- Task -
Reproduce the entries below exactly, but leave the pictures out.

[Image-text web data]
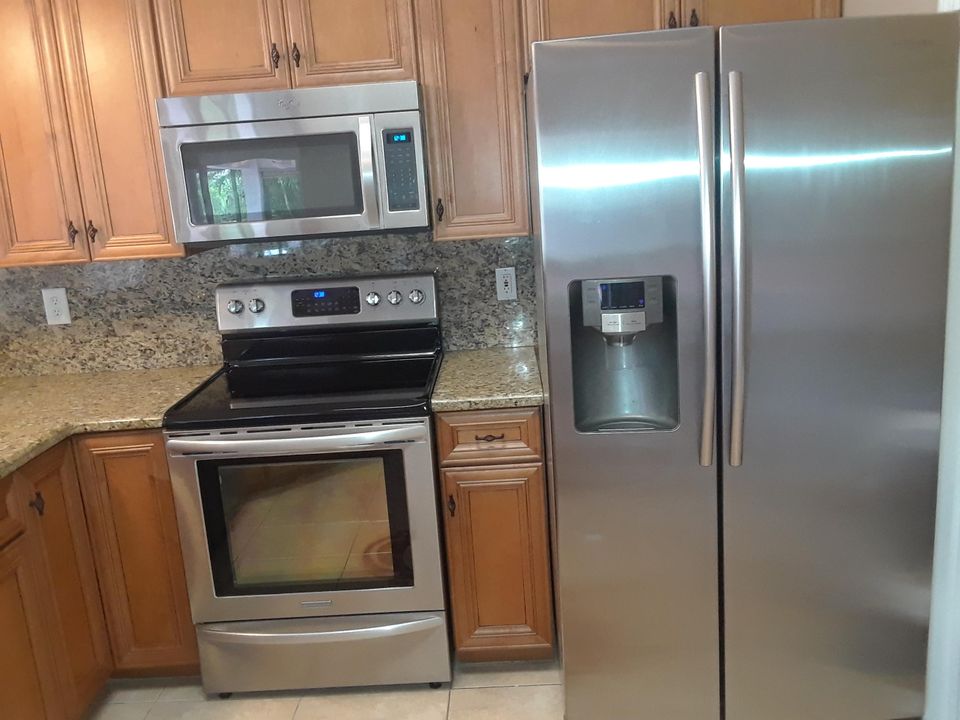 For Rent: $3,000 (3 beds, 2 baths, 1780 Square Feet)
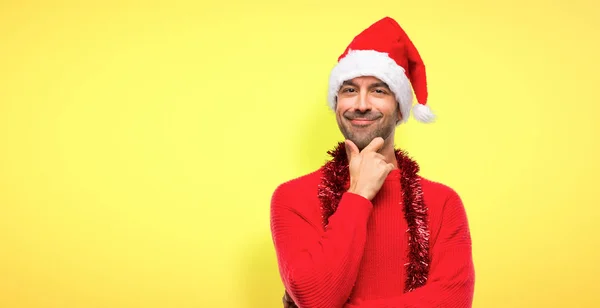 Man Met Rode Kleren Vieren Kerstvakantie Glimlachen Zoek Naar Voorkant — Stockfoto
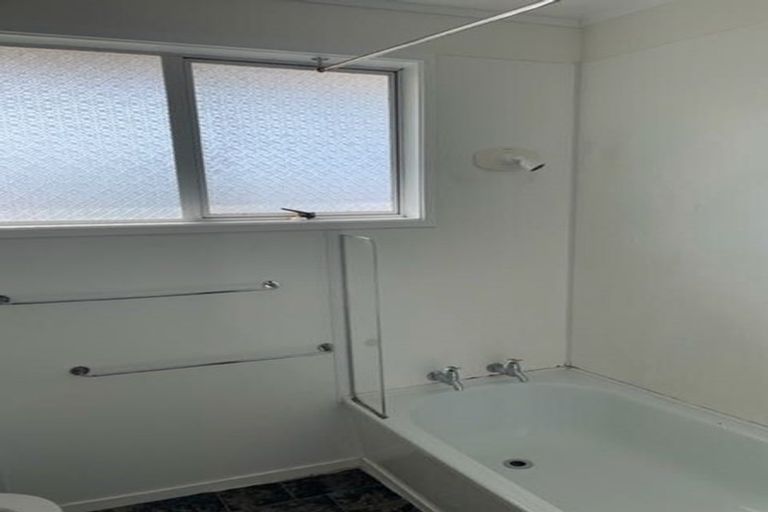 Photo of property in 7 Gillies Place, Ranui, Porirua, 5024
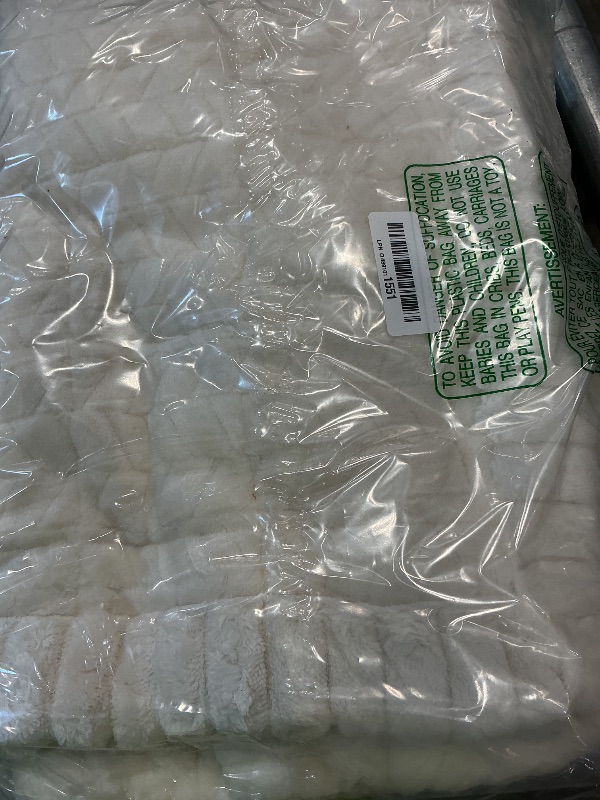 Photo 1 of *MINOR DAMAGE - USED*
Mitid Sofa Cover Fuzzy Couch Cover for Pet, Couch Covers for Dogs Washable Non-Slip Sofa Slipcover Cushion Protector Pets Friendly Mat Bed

- Response to this exercise -
 For Rent: $3,000 (3 beds, 2 baths, 1780 Square Feet)
 Man Met Rode Kleren Vieren Kerstvakantie Glimlachen Zoek Naar Voorkant — Stockfoto
 Photo of property in 7 Gillies Place, Ranui, Porirua, 5024
 Photo 1 of *MINOR DAMAGE - USED*
Mitid Sofa Cover Fuzzy Couch Cover for Pet, Couch Covers for Dogs Washable Non-Slip Sofa Slipcover Cushion Protector Pets Friendly Mat Bed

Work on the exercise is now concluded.